To beef up its nuclear stockpile, North Korea has continued reprocessing spent fuel from its reactor and possesses about 70 kilograms of weapons-grade plutonium, up from 50 kilograms estimated in the previous report, it said.

The White Paper first described Pyongyang as an enemy in 1994, and the term was used until around 2000. It was dropped for a few years but then reappeared in 2010, after North Korea was accused of sinking a South Korean warship. It was dropped again under South Korea’s former President Moon Jae-in, who championed engagement with Pyongyang.

South Korea's current President Yoon Suk Yeol took over from Moon in May 2022, vowing to get tough on the North. Seoul's new conservative administration has also ramped up joint drills with key ally Washington over the past few months.

Last year, the North Korean leader declared his county an "irreversible" nuclear state and carried out weapons tests nearly every month, including firing its most advanced intercontinental ballistic missile (ICBM). Pyongyang has also conducted missile tests at an unprecedented pace and is gearing up to carry out its seventh nuclear test any time, Seoul's officials were cited as saying in local reports.

Yoon claimed recently that his government is willing to provide economic aid if Pyongyang takes steps toward denuclearization. North Korea, however, snubbed the gesture and openly criticized the president.

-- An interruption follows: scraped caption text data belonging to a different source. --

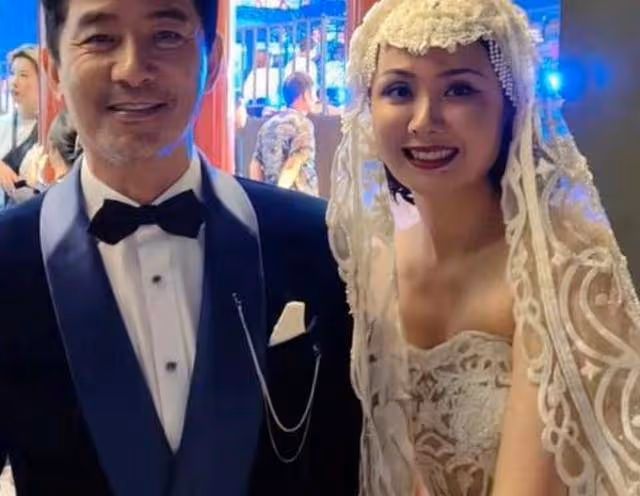 44歲霍思燕近照曝光，微胖身材成極品，女人微胖魅力無限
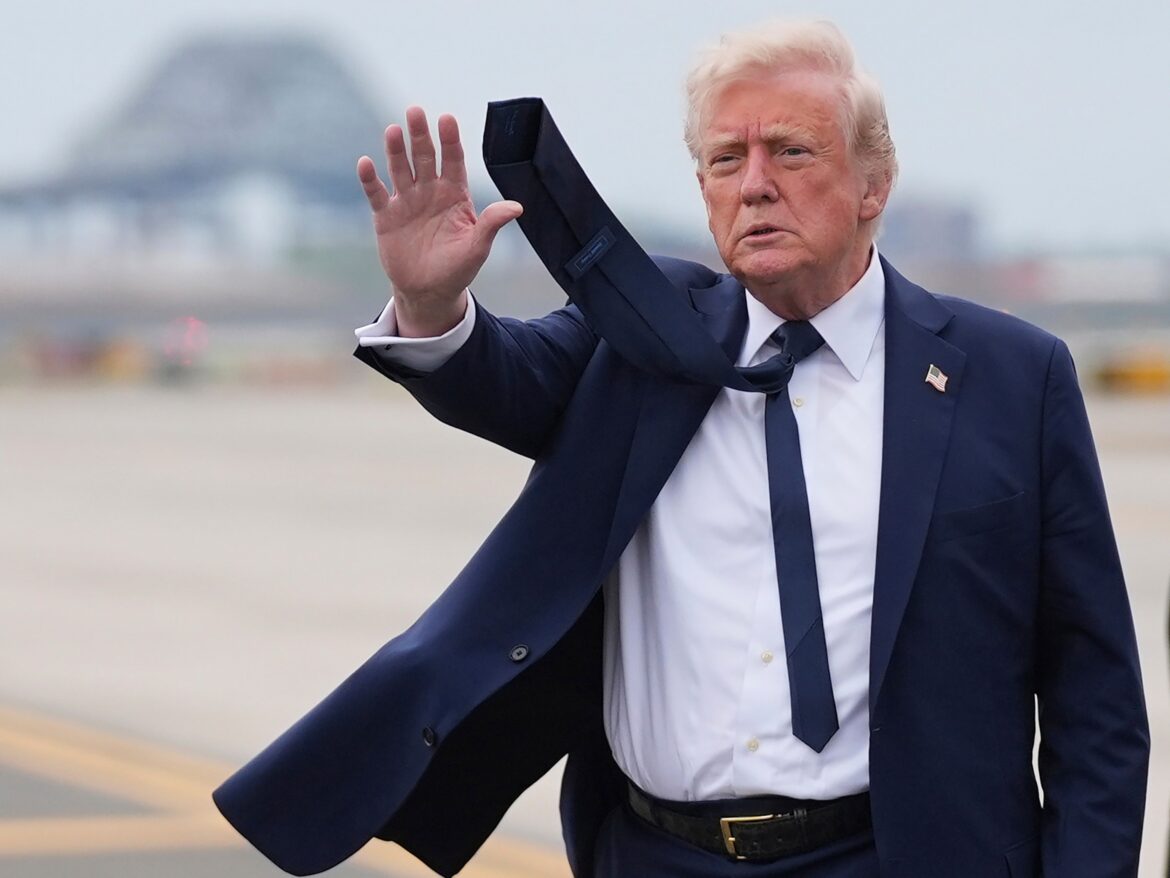 ट्रम्प का कहना है कि वह '2 सप्ताह या उससे कम' में रूस-यूक्रेन सौदा चाहते हैं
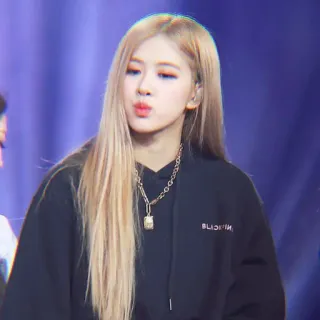 🥧 7158f973 Rose BLACKPINK Rose, Blackpink, chanteuse, K-pop, idole, célébrité telegram sticker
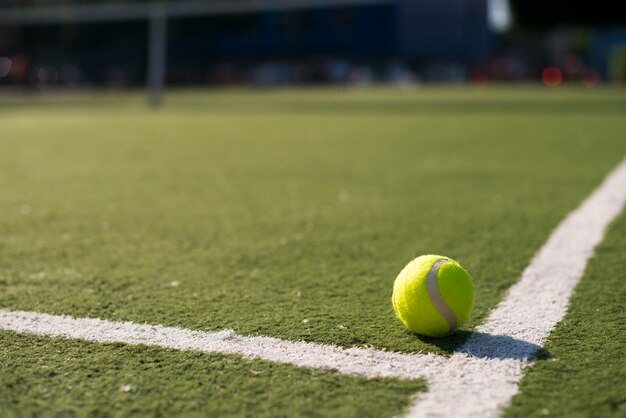 Close-up piłka tenisowa na ziemi
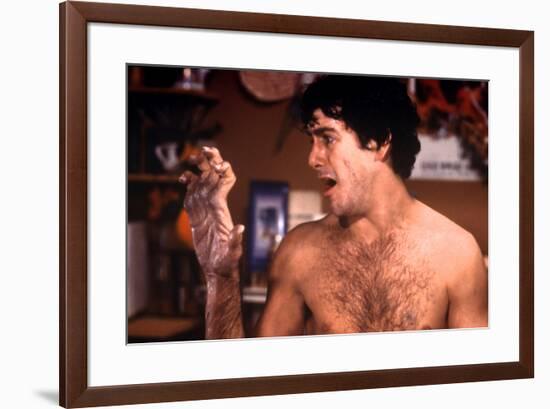 David Naughton dans Le Loup Garou by Londres (An american werewolf in London) by JohnLandis, 1981 (-null-Framed Photo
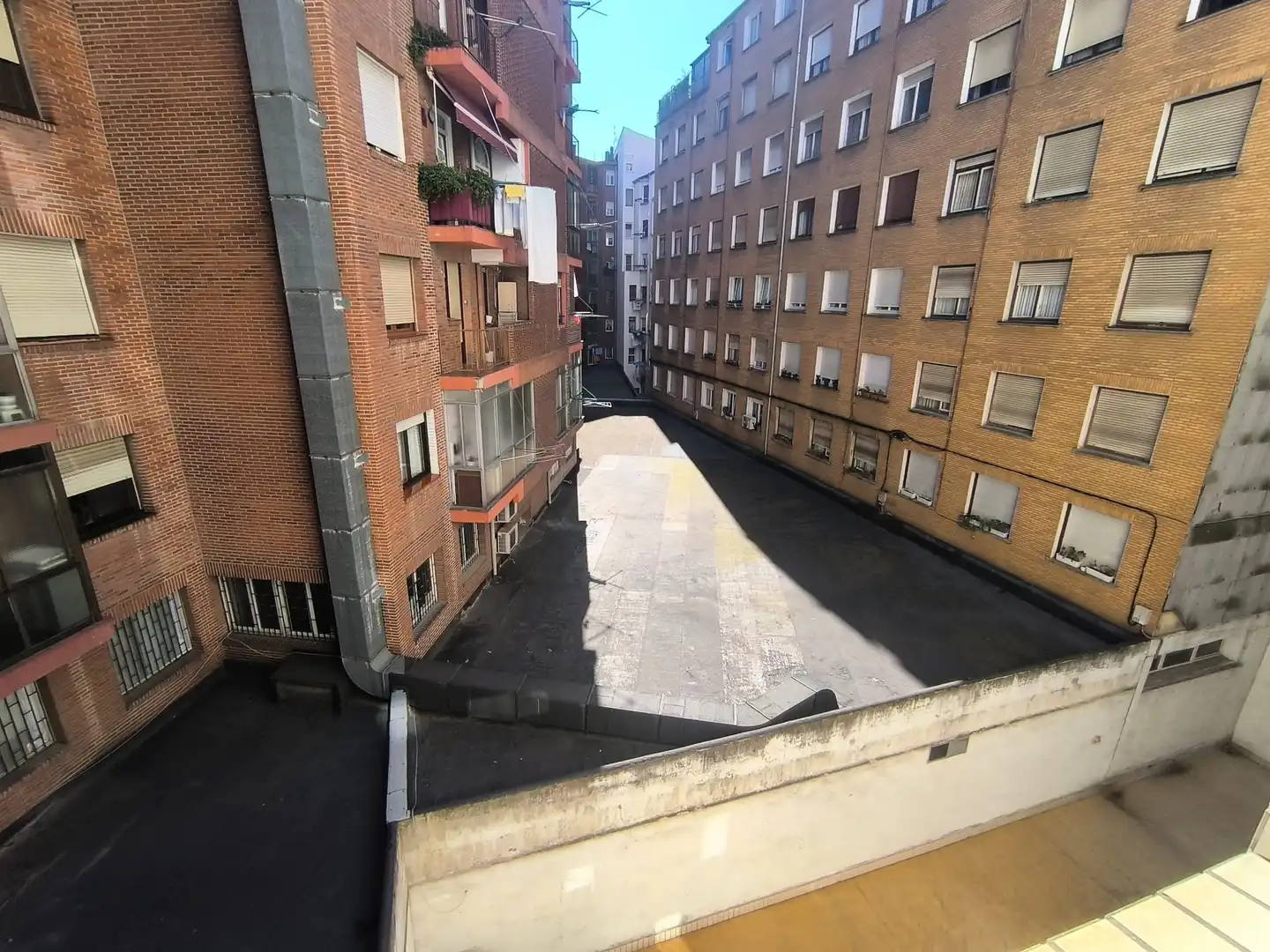Vista exterior de Pis en venda en Bilbao  amb Calefacció, Terrassa i Traster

North Korea conducted its sixth nuclear test in September 2017. However, during inconclusive negotiations later with the US, it dismantled a nuclear facility and has not conducted any other nuclear tests since then.

North Korea says it will not relinquish its nuclear deterrence unless the US ends its hostile policy and dissolves the US-led UN command in South Korea.

The Korean Peninsula has been locked in a cycle of military rhetoric since the Korean War, which lasted from 1950 to 1953 and ended in an armistice. No peace deal has been signed since then, meaning that Pyongyang and Seoul remain technically at war.